Taxes Consolidation Act, 1997 (Number 39 of 1997)
This section has been deleted.
Deleted by FA12 s129(2). Have effect on and from 1 January 2013.
[ITA67 s186; F(MP)A68 s4(1); FA69 s65(1) and Sch5 PtI; CTA76 s140(1) and Sch2 PtI par8; FA96 s132(2) and Sch5 PtII]
(1)(a) Where the inspector discovers that—
(i) any properties or profits chargeable to income tax have been omitted from the first assessments,
(ii) a person chargeable—
(I) has not delivered any statement,
(II) has not delivered a full and proper statement,
(III) has not been assessed to income tax, or
(IV) has been undercharged in the first assessments, or
(iii) a person chargeable has been allowed, or has obtained from and in the first assessments, any allowance, deduction, exemption, abatement or relief not authorised by the Income Tax Acts,
(b) Any additional first assessment made by the inspector in accordance with paragraph (a) shall be subject to appeal and other proceedings as in the case of a first assessment.

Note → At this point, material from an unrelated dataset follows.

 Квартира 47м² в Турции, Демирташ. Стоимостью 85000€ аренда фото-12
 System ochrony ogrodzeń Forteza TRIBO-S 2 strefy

(2)(a) In this subsection, “neglect” means negligence or a failure to give any notice, to make any return, statement or declaration, or to produce or furnish any list, document or other information required by or under the Income Tax Acts; but a person shall be deemed not to have failed to do anything required to be done within a limited time if such person did it within such further time, if any, as the Revenue Commissioners or officer concerned may have allowed and, where a person had a reasonable excuse for not doing anything required to be done, such person shall be deemed not to have failed to do it if such person did it without unreasonable delay after the excuse had ceased.
(b) Subject to paragraph (c) and any other provision allowing a longer period in any class of case, an assessment or an additional first assessment may be made at any time not later than
>10 years< after the end of the year to which the assessment relates.
(c) In a case in which any form of fraud or neglect has been committed by or on behalf of any person in connection with or in relation to income tax, an assessment or an additional first assessment may be made at any time for any year for which by reason of the fraud or neglect income tax would otherwise be lost to the Exchequer.
(d) (i) In a case in which emoluments to which this subparagraph applies are received in a year of assessment subsequent to that for which they are assessable, paragraph (b) shall apply in the case of assessments or additional first assessments in respect of the emoluments subject to the substitution of a reference to the end of the year of assessment in which the emoluments were received for the reference to the end of the year to which the assessment relates.
(ii) The emoluments to which subparagraph (i) applies are emoluments within the meaning of section 112(2), including any payments chargeable to tax by virtue of section 123 and any sums which by virtue of Chapter 3 of Part 5 are to be treated as perquisites of a person’s office or employment, being emoluments, payments or sums other than those taken into account in an assessment to income tax for the year of assessment in which they are received, and for the purposes of this paragraph—
(I) any such payment shall, notwithstanding anything in section 123(4), be treated as having been received at the time it was actually received, and
(II) any such sums which are not actually paid to that person shall be treated as having been received at the time when the relevant expenses were incurred or are treated for the purposes of Chapter 3 of Part 5 as having been incurred.
(e) An objection to the making of any assessment or additional first assessment on the ground that the time limited for the making of that assessment has expired shall only be made on appeal against the assessment.
(3) Any assessments not made at the time when the first assessments are made shall as soon as they are made be added to the first assessments by means of separate forms of assessment.